Take the listing below and write it out again exactly, skipping any picture that it holds.

### INPUT DATA ###

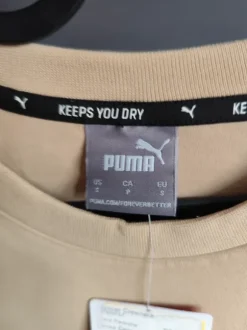 Bluza męska Puma, rozm.S. Nowa z metką.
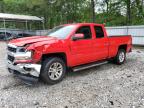 2017 CHEVROLET SILVERADO - 1GCRCREC4HZ296315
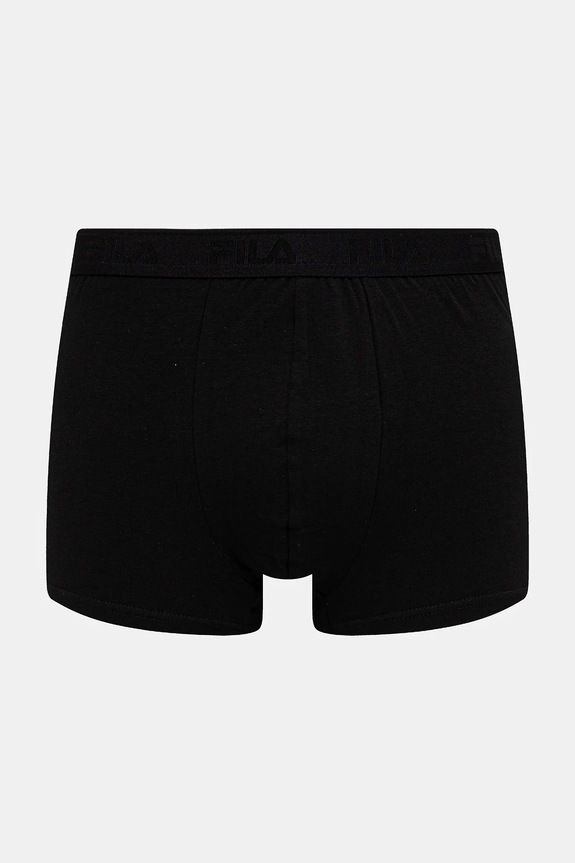 Fila boxer pacco da 2 FU5313.2 nero AA00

###

* **EXERCISE RESPONSE**
 Bluza męska Puma, rozm.S. Nowa z metką.
 2017 CHEVROLET SILVERADO - 1GCRCREC4HZ296315
 Fila boxer pacco da 2 FU5313.2 nero AA00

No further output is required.